Tomemos por exemplo o despacho do veterano repórter de defesa Manny Mogato para a Reuters em 17 de abril:
“Os combates entre as forças governamentais e os rebeldes muçulmanos rebeldes estão a espalhar-se no sul das Filipinas, destruindo as esperanças de paz e ameaçando o apoio local a uma campanha apoiada pelos EUA para expulsar os militantes.”[1]

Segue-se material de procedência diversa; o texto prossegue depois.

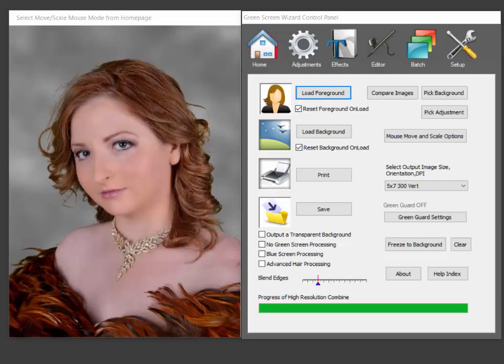Hi, my name is Ken Colby. I'm the author of Green Screen Wizard. Today I'm excited to give a demonstration of our new advanced hair processing.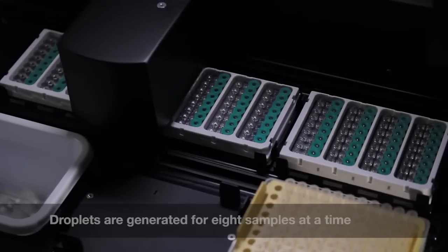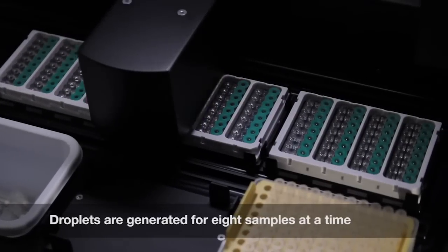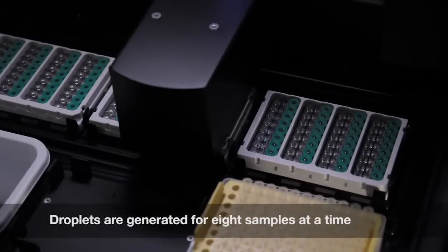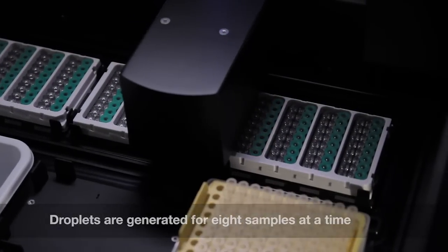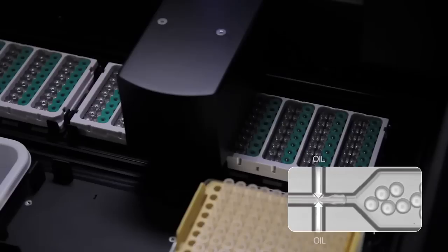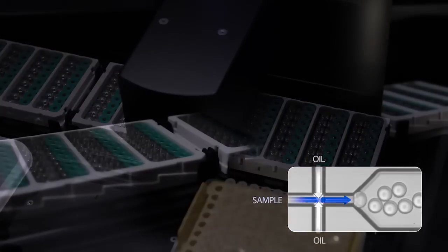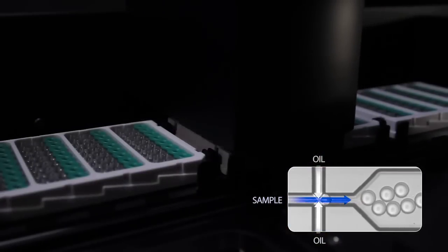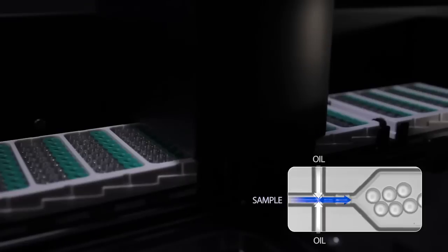Oil and samples are combined in the microfluidic channels of the cartridge to create uniform droplets in which nucleic acid molecules are distributed in a random fashion.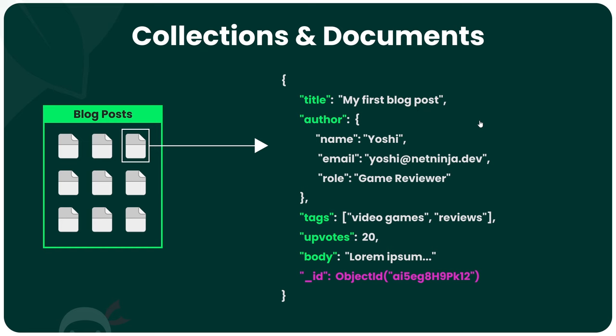We'll learn more about nested documents and nested arrays of documents later in the course. I just wanted you to know at this stage that nesting documents is a possibility when you're working with MongoDB. But anyway, now you hopefully have this kind of bird's eye view of how data is structured in collections and documents in MongoDB. Let's move on and explore MongoDB Compass in the next lesson.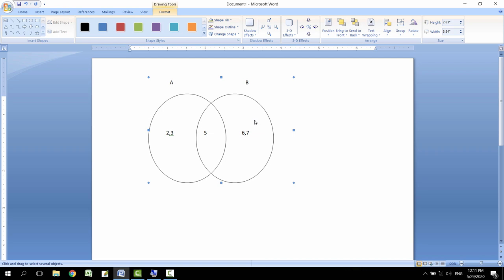So this is the way how we draw a Venn diagram. Thanks for watching. Please do subscribe my channel and like the video. Thank you.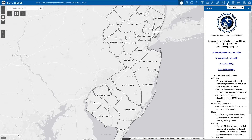Continuing through the main toolset, we also have the Measurement tool, the Swipe tool, XY coordinate search tool, the Screening tool, the Print tool, the Layer list, and finally the Add Data tool.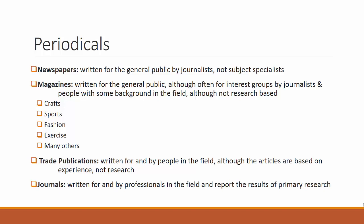Trade publications are a type of magazine. Although written for people working in a particular field, the articles are not based on primary research. They are based on experience.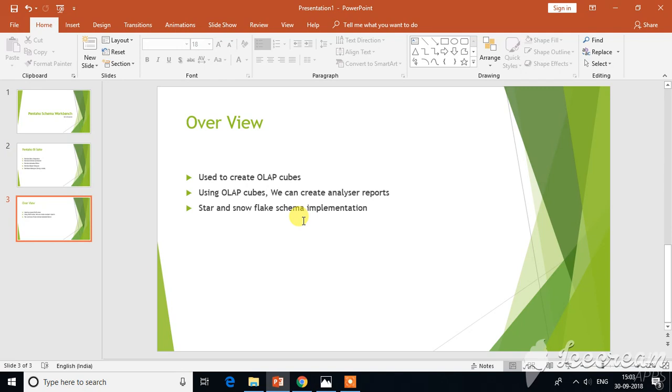Basically, this Pentaho Schema Workbench is used to create OLAP cubes, and also we can create queries—MDX expressions we call them—and using OLAP cubes once we develop them, we can also create analyzer reports.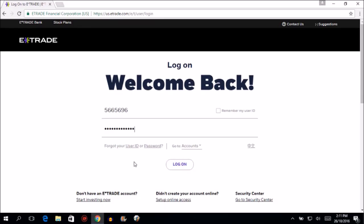That's how you log into your E-Trade account online. Thank you for watching this video. Please don't forget to subscribe to the iloginsigning channel and check out our official website, iloginsigning.com, for more login solutions. Thank you.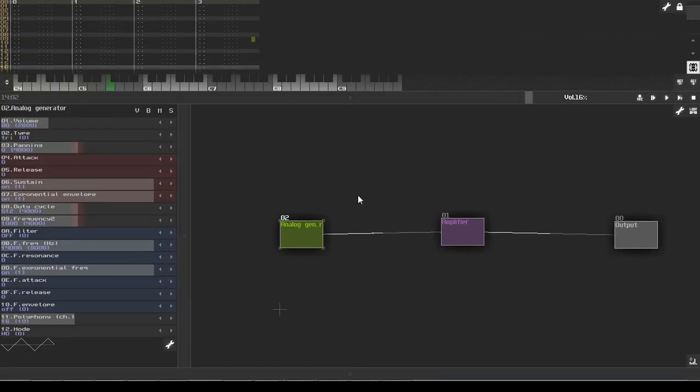Hello, SolarLoon here, and this is a tip video on using the meta module and saving synths and modules out in SunVox.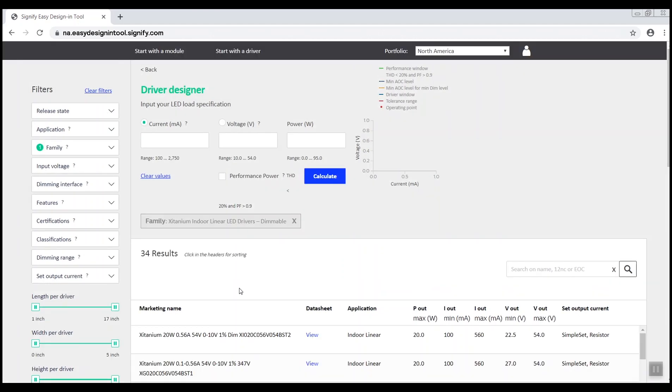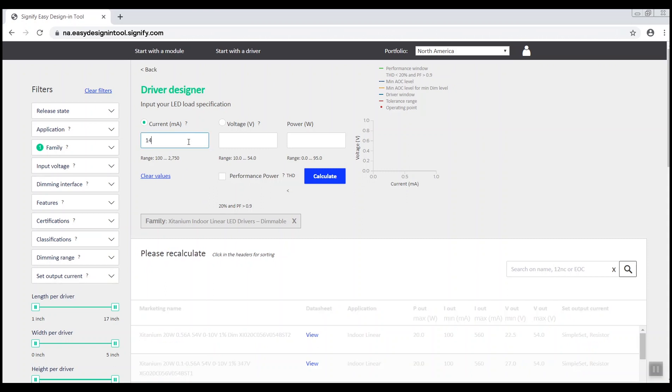Populate the search field with criteria to narrow the results. Enter 1400 milliamps, 36 volts, and click Calculate.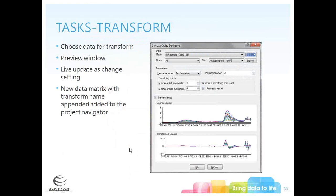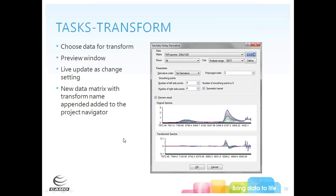A commonly applied signal processing transform is the derivative transform. For a Savitzky-Golay derivative, you define the matrix, rows, and columns to use, choose the derivative order from first to fourth, and the number of smoothing points. Checking the preview box gives a live update of the result as you change settings. A new data matrix with the transform name appended is added to the project navigator after clicking OK.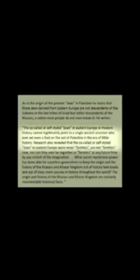They were a nation most people do not even know of. He writes the so-called self-styled Jews in Eastern Europe in modern history cannot legitimately point to a single ancient ancestor who ever set even a foot on the soil of Palestine in the era of Bible history. Research also revealed that the so-called or self-styled Jews in Eastern Europe were never Semites, are not Semites now, nor can they ever be regarded as Semites at any future time by any stretch of the imagination.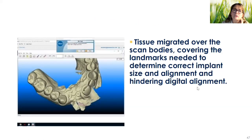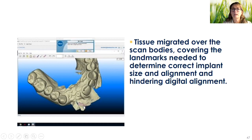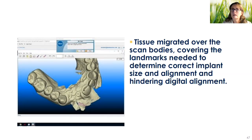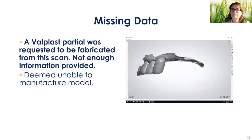Here the tissue has actually migrated over the scan body. A scan body is needed for digital impressions. Part of what occurred is they probably captured the inside of the lip there and it misaligned the data. This was a real case that came in for a Valplast partial and there's just not enough information.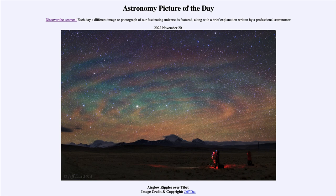Air glow is actually a process close to what we call the aurora, except that it does not occur just at specific locations on earth. In fact, air glow can be visible anywhere on earth.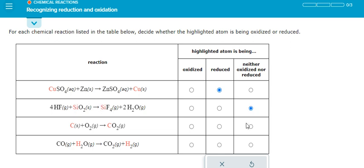That means it is neither, because they don't change. The next one — carbon — we have number zero. Oxygen is negative number two; negative number two with number two gives negative number four. So the carbon here has positive number four. This is oxidized — they go from zero to positive number four.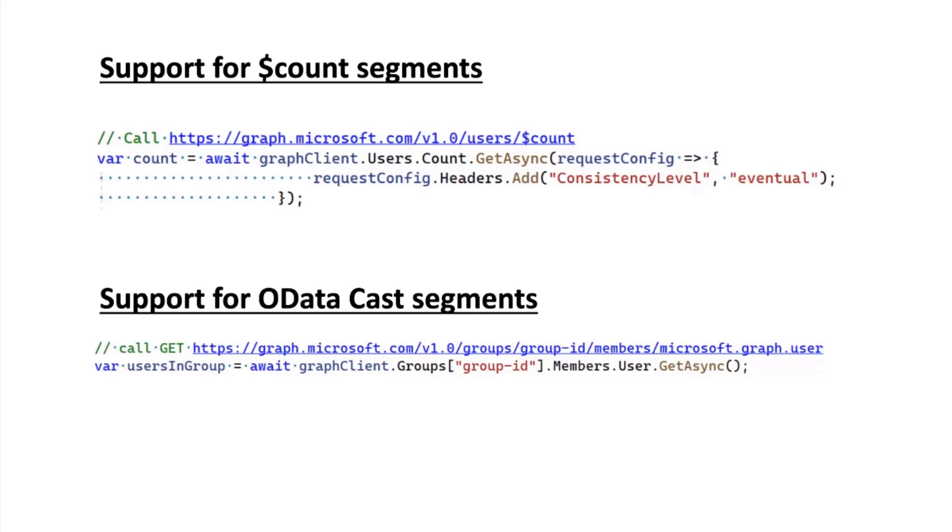The next scenario is support for the OData cast segment. This is where you want API-side filtering, especially for APIs that give a collection of different types of objects. Let's say you want to get members of a group, and the members could be users, applications, or any other type. With the new version 5 that we're working on in preview, you can just add the extra segment to get members that are users. This will eliminate the need for you to do client-side filtering and add all that logic that would make life harder for you.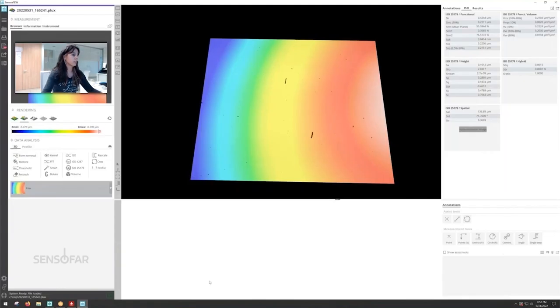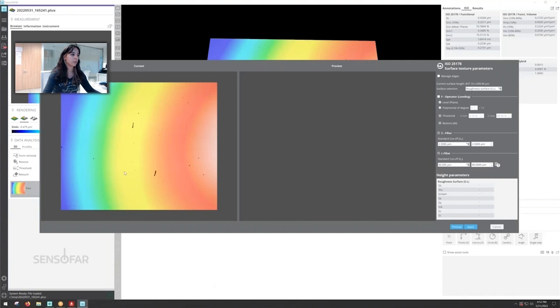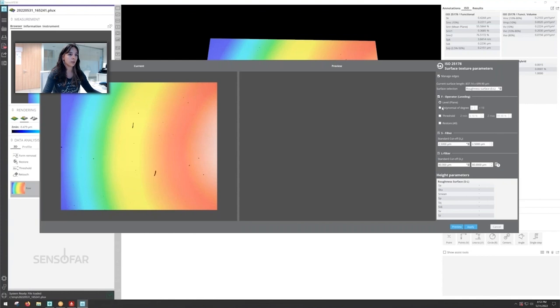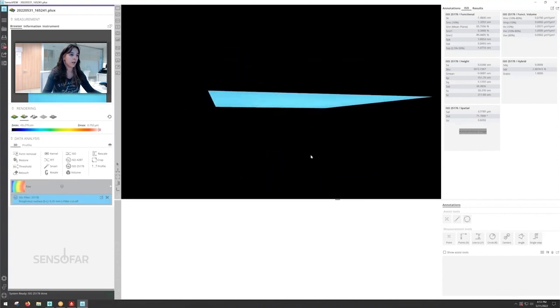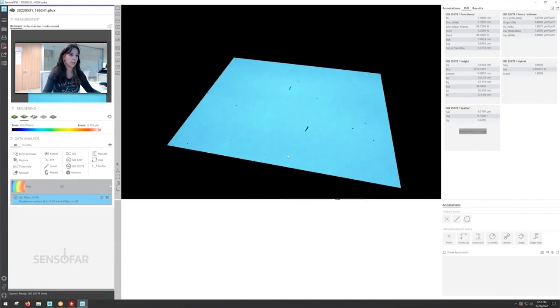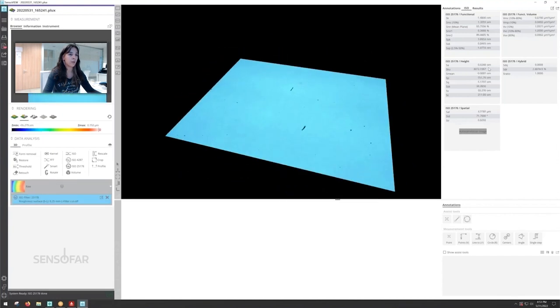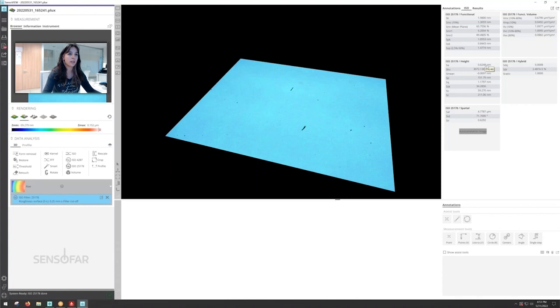You can see on the bottom of the screen the nine steps that phase shifting interferometry takes into consideration. So this is our surface. Now we need to remove the shape and we're going to apply the filters on the ISO 25178. We're going to take out a polynomial degree of 2, an S filter of 2.5 microns and an L filter of 250 microns and the result is going to be a surface without any shape.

Observe que a palavra “ladino” – um adjetivo carregado de valores, sinônimo de “patife” ou “canalha”, de acordo com um dicionário de sinônimos – não estava entre aspas. Os editores, geralmente alérgicos aos mais leves indícios de editorialização, aparentemente deixaram passar. Falta a palavra “suposta”, um termo conveniente para atribuir uma reivindicação a uma fonte. Também não há indicação de que o repórter estivesse apenas a usar uma palavra usada pelos militares para descrever os seus adversários. O próprio escritor aparentemente acredita – e leva os seus leitores a acreditar – que os outros intervenientes no conflito são de facto “desonestos”. Num outro parágrafo, Mogato descreve o líder dos rebeldes “desonestos”, Ustadz Habier Malik, como um comandante “renegado” – novamente, sem usar aspas. O termo “renegado” também é usado sem aspas por Anthony Vargas do Tempos de Manila e notícias online do ABS-CBN.
Relatórios para o Inquiridor Diário das Filipinas, Michael Lim Ubac, Christine Avendano e Julie Alipala escreveram: “O presidente Macapagal-Arroyo… ontem deu rédea solta às Forças Armadas das Filipinas para perseguir terroristas Moro na ilha de Jolo…”[2] Observe que a palavra “terrorista,” um termo altamente carregado de emoção, não contém aspas e não há nada que sugira que os repórteres estivessem apenas usando a palavra de Arroyo. Era deles. A manchete, “GMA diz à AFP: Perseguir rebelde da MNLF”, proclama a quem se referem. Eles também descrevem Malik como comandante de uma “facção rebelde” da MNLF, mas sem indicar que tal descrição foi concedida pelo governo, o que não foi algo que eles descobriram por conta própria. Se tal editorialização flagrante foi um descuido, não houve errata no dia seguinte.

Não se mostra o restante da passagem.